David Davis: Would the Home Secretary let us know the outcome of his investigation into this matter? The Sunday Telegraph reported that there had been a pilot study in Royston in Hertfordshire. If so, I should have thought that it would be available to his Department almost immediately.
Mr. Clarke: In a spirit of co-operation, as always, I will be happy to write to the right hon. Gentleman with the results of my investigations when they take place. However, those investigations cannot be into the ways of news reporters, even on such august journals as The Sunday Telegraph, with which the right hon. Gentleman is keen to curry favour at the moment. But I certainly will write to him.

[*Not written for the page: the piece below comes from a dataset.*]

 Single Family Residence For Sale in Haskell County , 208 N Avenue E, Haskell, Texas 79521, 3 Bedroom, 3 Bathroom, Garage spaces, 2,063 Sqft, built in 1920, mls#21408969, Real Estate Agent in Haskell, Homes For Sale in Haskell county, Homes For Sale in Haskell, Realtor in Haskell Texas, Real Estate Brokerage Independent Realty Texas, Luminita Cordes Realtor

The fourth measure relating to alcohol disorder zones, but also to knives and guns, is the fulfilment of the commitment that will require those pubs and clubs that are at risk to search for knives and guns on entry to a club. This is a key step in our work to change the culture of carrying offensive weapons and will serve as a deterrent. The licence review provisions in the Bill supplement existing arrangements in the Licensing Act to expedite reviews of premises, and the licensing authority can act quickly to deal with the situation. We have not restricted the provision just to searching for weapons and glass. We want to provide an effective power that can be used flexibly, but it is important that licensees have more powers to deal with the situation and that the police have more powers to ensure that they do.
Jeremy Wright (Rugby and Kenilworth) (Con): The Home Secretary will agree that the measures in the Bill, worthy as they may be, will only work if they can be enforced. Will he look again at the crippling burden of paperwork on our police officers so that they can get on with enforcing these measures?
The fifth measure in the Bill is the crime of persistently selling alcohol to children. The House has grappled for some years and on many different occasions with the unlawful sale of alcohol to children. Since 1988, progressive changes to the licensing law have attempted to create more effective powers to deter such irresponsible retailing. However, the number of children under 16 who consume alcohol has not changed significantly since 1988. About a quarter drink alcohol, but in one important sense at least, the position is deteriorating: those young people who do drink are drinking more. In the past decade, the average number of units of alcohol consumed per week by such children has almost doubledfrom 5.3 units in 1990 to 9.8 units in 2001. That should concern us all.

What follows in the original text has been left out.